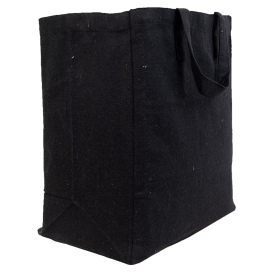 Q-Tees S900 Sustainable Grocery Bag - Black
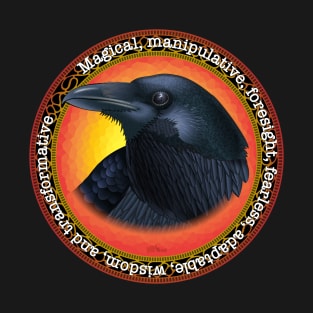 Crow Portrait T-Shirt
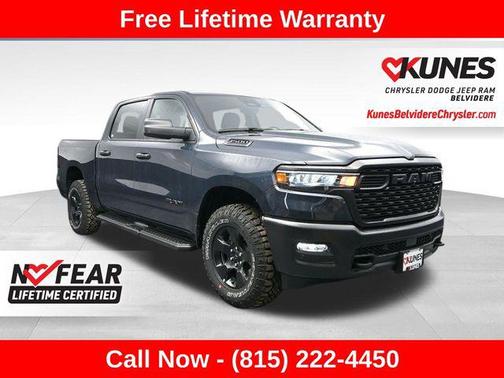 2025 RAM 1500 Warlock Crew Cab 4x4 5'7' Box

════

### Task
Every line of the listing above is to be retyped exactly, but the pictures are to be dropped.

### Response to this task
 Q-Tees S900 Sustainable Grocery Bag - Black
 Crow Portrait T-Shirt
 2025 RAM 1500 Warlock Crew Cab 4x4 5'7' Box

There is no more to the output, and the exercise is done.